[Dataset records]
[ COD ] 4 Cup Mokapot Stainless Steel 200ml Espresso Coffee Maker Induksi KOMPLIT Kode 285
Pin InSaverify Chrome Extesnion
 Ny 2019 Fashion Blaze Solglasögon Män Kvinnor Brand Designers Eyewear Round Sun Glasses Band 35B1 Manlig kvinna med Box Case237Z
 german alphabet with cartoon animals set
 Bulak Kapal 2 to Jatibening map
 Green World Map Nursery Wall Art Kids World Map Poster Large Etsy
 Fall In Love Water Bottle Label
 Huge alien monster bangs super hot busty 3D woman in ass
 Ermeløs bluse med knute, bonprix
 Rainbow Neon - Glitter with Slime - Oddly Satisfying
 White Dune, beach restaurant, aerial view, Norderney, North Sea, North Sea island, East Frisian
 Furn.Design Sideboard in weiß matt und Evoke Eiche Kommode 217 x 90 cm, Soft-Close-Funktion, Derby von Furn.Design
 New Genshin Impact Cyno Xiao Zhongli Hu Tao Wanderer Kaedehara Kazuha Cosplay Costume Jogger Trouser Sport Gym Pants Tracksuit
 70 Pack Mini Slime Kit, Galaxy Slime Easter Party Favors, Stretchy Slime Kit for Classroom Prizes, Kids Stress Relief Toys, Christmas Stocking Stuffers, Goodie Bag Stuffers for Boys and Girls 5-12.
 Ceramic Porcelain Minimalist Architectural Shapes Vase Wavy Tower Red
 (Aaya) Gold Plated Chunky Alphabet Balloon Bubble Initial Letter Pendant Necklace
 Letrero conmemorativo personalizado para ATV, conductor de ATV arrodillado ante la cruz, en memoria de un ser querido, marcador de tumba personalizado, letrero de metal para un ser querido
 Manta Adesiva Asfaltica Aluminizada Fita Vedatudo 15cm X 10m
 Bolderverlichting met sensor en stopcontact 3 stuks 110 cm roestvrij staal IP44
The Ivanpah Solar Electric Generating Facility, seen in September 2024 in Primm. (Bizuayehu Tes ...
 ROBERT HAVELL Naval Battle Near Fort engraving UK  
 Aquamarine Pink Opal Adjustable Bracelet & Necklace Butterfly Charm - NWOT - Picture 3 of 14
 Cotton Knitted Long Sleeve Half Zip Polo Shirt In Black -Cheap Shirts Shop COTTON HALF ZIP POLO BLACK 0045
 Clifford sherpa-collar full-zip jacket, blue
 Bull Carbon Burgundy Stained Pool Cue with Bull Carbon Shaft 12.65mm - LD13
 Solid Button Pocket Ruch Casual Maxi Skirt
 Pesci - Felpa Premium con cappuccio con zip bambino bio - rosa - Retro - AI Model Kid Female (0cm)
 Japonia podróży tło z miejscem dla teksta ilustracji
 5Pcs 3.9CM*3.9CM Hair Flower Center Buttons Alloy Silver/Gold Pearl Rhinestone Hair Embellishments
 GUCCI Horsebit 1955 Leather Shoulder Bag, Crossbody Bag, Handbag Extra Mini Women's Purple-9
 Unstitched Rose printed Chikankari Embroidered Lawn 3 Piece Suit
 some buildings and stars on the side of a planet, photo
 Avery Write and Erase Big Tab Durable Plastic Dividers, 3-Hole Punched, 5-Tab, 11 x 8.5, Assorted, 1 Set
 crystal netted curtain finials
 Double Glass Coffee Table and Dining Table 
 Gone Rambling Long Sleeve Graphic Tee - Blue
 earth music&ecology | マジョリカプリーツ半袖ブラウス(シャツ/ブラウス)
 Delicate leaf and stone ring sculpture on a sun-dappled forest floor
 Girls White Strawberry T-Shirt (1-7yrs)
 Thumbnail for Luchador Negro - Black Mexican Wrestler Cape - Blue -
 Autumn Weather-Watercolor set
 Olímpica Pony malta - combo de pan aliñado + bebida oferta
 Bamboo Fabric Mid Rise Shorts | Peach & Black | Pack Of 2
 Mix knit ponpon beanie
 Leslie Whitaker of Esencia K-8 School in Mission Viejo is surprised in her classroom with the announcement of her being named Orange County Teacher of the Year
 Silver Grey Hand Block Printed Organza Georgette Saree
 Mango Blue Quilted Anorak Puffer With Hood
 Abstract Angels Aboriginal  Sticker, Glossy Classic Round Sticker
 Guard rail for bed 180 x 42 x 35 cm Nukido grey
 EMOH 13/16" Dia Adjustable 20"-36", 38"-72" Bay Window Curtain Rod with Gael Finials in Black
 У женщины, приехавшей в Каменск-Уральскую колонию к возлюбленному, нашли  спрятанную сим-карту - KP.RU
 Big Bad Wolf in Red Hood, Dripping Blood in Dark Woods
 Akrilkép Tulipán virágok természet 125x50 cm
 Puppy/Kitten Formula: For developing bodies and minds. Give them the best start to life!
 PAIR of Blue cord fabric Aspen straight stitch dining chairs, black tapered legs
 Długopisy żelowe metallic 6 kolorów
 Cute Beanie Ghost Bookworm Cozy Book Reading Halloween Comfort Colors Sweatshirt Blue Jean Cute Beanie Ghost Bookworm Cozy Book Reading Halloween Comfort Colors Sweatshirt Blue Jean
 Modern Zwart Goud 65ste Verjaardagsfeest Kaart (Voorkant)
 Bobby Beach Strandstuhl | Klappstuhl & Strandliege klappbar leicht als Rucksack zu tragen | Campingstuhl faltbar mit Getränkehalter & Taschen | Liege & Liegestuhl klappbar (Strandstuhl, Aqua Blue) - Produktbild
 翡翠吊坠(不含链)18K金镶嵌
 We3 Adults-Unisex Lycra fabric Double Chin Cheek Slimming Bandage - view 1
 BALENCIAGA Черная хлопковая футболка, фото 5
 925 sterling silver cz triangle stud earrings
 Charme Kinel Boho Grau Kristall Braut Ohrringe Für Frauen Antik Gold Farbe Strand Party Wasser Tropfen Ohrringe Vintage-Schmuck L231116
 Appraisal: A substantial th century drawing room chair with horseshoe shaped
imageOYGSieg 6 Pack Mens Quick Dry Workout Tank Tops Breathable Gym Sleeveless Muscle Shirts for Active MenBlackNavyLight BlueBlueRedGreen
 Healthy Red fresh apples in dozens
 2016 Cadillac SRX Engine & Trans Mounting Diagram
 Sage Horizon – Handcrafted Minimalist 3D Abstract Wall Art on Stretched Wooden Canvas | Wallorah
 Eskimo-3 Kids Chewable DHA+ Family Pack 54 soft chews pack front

Exercise requirements - Repeat every record exactly as written, please.

Result of the task -
[ COD ] 4 Cup Mokapot Stainless Steel 200ml Espresso Coffee Maker Induksi KOMPLIT Kode 285
Pin InSaverify Chrome Extesnion
 Ny 2019 Fashion Blaze Solglasögon Män Kvinnor Brand Designers Eyewear Round Sun Glasses Band 35B1 Manlig kvinna med Box Case237Z
 german alphabet with cartoon animals set
 Bulak Kapal 2 to Jatibening map
 Green World Map Nursery Wall Art Kids World Map Poster Large Etsy
 Fall In Love Water Bottle Label
 Huge alien monster bangs super hot busty 3D woman in ass
 Ermeløs bluse med knute, bonprix
 Rainbow Neon - Glitter with Slime - Oddly Satisfying
 White Dune, beach restaurant, aerial view, Norderney, North Sea, North Sea island, East Frisian
 Furn.Design Sideboard in weiß matt und Evoke Eiche Kommode 217 x 90 cm, Soft-Close-Funktion, Derby von Furn.Design
 New Genshin Impact Cyno Xiao Zhongli Hu Tao Wanderer Kaedehara Kazuha Cosplay Costume Jogger Trouser Sport Gym Pants Tracksuit
 70 Pack Mini Slime Kit, Galaxy Slime Easter Party Favors, Stretchy Slime Kit for Classroom Prizes, Kids Stress Relief Toys, Christmas Stocking Stuffers, Goodie Bag Stuffers for Boys and Girls 5-12.
 Ceramic Porcelain Minimalist Architectural Shapes Vase Wavy Tower Red
 (Aaya) Gold Plated Chunky Alphabet Balloon Bubble Initial Letter Pendant Necklace
 Letrero conmemorativo personalizado para ATV, conductor de ATV arrodillado ante la cruz, en memoria de un ser querido, marcador de tumba personalizado, letrero de metal para un ser querido
 Manta Adesiva Asfaltica Aluminizada Fita Vedatudo 15cm X 10m
 Bolderverlichting met sensor en stopcontact 3 stuks 110 cm roestvrij staal IP44
The Ivanpah Solar Electric Generating Facility, seen in September 2024 in Primm. (Bizuayehu Tes ...
 ROBERT HAVELL Naval Battle Near Fort engraving UK  
 Aquamarine Pink Opal Adjustable Bracelet & Necklace Butterfly Charm - NWOT - Picture 3 of 14
 Cotton Knitted Long Sleeve Half Zip Polo Shirt In Black -Cheap Shirts Shop COTTON HALF ZIP POLO BLACK 0045
 Clifford sherpa-collar full-zip jacket, blue
 Bull Carbon Burgundy Stained Pool Cue with Bull Carbon Shaft 12.65mm - LD13
 Solid Button Pocket Ruch Casual Maxi Skirt
 Pesci - Felpa Premium con cappuccio con zip bambino bio - rosa - Retro - AI Model Kid Female (0cm)
 Japonia podróży tło z miejscem dla teksta ilustracji
 5Pcs 3.9CM*3.9CM Hair Flower Center Buttons Alloy Silver/Gold Pearl Rhinestone Hair Embellishments
 GUCCI Horsebit 1955 Leather Shoulder Bag, Crossbody Bag, Handbag Extra Mini Women's Purple-9
 Unstitched Rose printed Chikankari Embroidered Lawn 3 Piece Suit
 some buildings and stars on the side of a planet, photo
 Avery Write and Erase Big Tab Durable Plastic Dividers, 3-Hole Punched, 5-Tab, 11 x 8.5, Assorted, 1 Set
 crystal netted curtain finials
 Double Glass Coffee Table and Dining Table 
 Gone Rambling Long Sleeve Graphic Tee - Blue
 earth music&ecology | マジョリカプリーツ半袖ブラウス(シャツ/ブラウス)
 Delicate leaf and stone ring sculpture on a sun-dappled forest floor
 Girls White Strawberry T-Shirt (1-7yrs)
 Thumbnail for Luchador Negro - Black Mexican Wrestler Cape - Blue -
 Autumn Weather-Watercolor set
 Olímpica Pony malta - combo de pan aliñado + bebida oferta
 Bamboo Fabric Mid Rise Shorts | Peach & Black | Pack Of 2
 Mix knit ponpon beanie
 Leslie Whitaker of Esencia K-8 School in Mission Viejo is surprised in her classroom with the announcement of her being named Orange County Teacher of the Year
 Silver Grey Hand Block Printed Organza Georgette Saree
 Mango Blue Quilted Anorak Puffer With Hood
 Abstract Angels Aboriginal  Sticker, Glossy Classic Round Sticker
 Guard rail for bed 180 x 42 x 35 cm Nukido grey
 EMOH 13/16" Dia Adjustable 20"-36", 38"-72" Bay Window Curtain Rod with Gael Finials in Black
 У женщины, приехавшей в Каменск-Уральскую колонию к возлюбленному, нашли  спрятанную сим-карту - KP.RU
 Big Bad Wolf in Red Hood, Dripping Blood in Dark Woods
 Akrilkép Tulipán virágok természet 125x50 cm
 Puppy/Kitten Formula: For developing bodies and minds. Give them the best start to life!
 PAIR of Blue cord fabric Aspen straight stitch dining chairs, black tapered legs
 Długopisy żelowe metallic 6 kolorów
 Cute Beanie Ghost Bookworm Cozy Book Reading Halloween Comfort Colors Sweatshirt Blue Jean Cute Beanie Ghost Bookworm Cozy Book Reading Halloween Comfort Colors Sweatshirt Blue Jean
 Modern Zwart Goud 65ste Verjaardagsfeest Kaart (Voorkant)
 Bobby Beach Strandstuhl | Klappstuhl & Strandliege klappbar leicht als Rucksack zu tragen | Campingstuhl faltbar mit Getränkehalter & Taschen | Liege & Liegestuhl klappbar (Strandstuhl, Aqua Blue) - Produktbild
 翡翠吊坠(不含链)18K金镶嵌
 We3 Adults-Unisex Lycra fabric Double Chin Cheek Slimming Bandage - view 1
 BALENCIAGA Черная хлопковая футболка, фото 5
 925 sterling silver cz triangle stud earrings
 Charme Kinel Boho Grau Kristall Braut Ohrringe Für Frauen Antik Gold Farbe Strand Party Wasser Tropfen Ohrringe Vintage-Schmuck L231116
 Appraisal: A substantial th century drawing room chair with horseshoe shaped
imageOYGSieg 6 Pack Mens Quick Dry Workout Tank Tops Breathable Gym Sleeveless Muscle Shirts for Active MenBlackNavyLight BlueBlueRedGreen
 Healthy Red fresh apples in dozens
 2016 Cadillac SRX Engine & Trans Mounting Diagram
 Sage Horizon – Handcrafted Minimalist 3D Abstract Wall Art on Stretched Wooden Canvas | Wallorah
 Eskimo-3 Kids Chewable DHA+ Family Pack 54 soft chews pack front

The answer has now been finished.